「大塚家具」株主総会と黒子役不在
3月27日、㈱大塚家具(ジャスダック上場)の株主総会が行われ、経営方針をめぐる創業者会長と現社長(会長の長女)の争いが、現社長側の言い分が株主に認められた結果となりました。この問題は、同族企業でなくても、よく発生する問題ですが、多くの企業にあっては、その取締役会において議論され、表には、決して出ない問題ですし、当事者間で処理されるべき問題です。とは言うものの、本件では、当事者は、経営戦略の選択を乗り越え互いに憎悪を持ち、相手を罵り合うまでに発展してしまっております。
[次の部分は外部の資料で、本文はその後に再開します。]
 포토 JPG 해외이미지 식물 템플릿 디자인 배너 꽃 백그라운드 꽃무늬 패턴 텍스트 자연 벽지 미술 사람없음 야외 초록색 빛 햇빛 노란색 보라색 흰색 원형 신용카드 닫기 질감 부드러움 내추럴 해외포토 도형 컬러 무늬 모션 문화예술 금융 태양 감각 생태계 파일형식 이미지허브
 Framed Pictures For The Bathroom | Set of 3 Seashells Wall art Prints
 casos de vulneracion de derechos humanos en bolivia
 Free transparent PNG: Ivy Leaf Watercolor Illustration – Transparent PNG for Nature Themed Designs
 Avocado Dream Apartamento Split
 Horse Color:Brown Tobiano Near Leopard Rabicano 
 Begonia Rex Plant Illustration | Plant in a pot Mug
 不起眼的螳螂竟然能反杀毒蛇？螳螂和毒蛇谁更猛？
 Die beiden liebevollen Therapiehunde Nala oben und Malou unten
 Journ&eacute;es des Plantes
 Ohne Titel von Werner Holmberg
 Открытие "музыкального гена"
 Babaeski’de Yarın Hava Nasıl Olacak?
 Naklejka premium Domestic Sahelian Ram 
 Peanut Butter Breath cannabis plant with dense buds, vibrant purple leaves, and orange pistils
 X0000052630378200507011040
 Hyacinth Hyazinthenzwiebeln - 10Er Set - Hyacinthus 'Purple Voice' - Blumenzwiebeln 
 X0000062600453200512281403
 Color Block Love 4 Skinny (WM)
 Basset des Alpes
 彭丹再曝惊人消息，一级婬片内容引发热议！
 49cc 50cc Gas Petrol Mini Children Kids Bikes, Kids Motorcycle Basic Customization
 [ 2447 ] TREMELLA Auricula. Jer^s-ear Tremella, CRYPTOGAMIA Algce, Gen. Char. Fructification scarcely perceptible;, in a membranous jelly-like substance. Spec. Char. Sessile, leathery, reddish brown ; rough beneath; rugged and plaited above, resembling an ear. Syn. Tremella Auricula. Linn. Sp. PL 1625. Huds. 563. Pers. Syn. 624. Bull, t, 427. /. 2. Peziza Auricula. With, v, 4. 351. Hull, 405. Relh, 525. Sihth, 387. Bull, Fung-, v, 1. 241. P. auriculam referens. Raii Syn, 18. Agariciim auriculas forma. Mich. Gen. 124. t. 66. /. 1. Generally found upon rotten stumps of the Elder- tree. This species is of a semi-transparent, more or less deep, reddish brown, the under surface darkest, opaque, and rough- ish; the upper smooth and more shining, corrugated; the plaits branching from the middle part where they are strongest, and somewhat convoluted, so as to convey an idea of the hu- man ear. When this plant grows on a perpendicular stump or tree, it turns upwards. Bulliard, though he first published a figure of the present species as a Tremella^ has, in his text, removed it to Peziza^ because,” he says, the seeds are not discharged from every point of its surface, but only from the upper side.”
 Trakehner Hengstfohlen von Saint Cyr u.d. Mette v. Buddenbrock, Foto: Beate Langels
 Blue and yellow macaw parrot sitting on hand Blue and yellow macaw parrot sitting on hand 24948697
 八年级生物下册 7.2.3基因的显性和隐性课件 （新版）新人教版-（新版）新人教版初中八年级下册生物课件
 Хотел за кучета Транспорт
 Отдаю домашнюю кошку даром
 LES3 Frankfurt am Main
この問題で、私が最も残念に思っているのは、今日の事態に及ぶ前に、何故本件の調整を図る黒子役が、社内事情に詳しい幹部社員の中から出なかったかということです。本件の様な問題は、どの企業でも発生いたしますが、多くの企業では、経営者から一定の信頼関係にある、社内幹部がその調整にあたっているのではないでしょうか。但し、この様な黒子役は、その調整動機の純粋性や中立性、潔癖性が強く求められ、その調整に失敗した場合には、退社する位の覚悟が必要です。規模の大小、問題の本質は異なりますが、黒子役を経験した端くれのひとりとして残念でなりません。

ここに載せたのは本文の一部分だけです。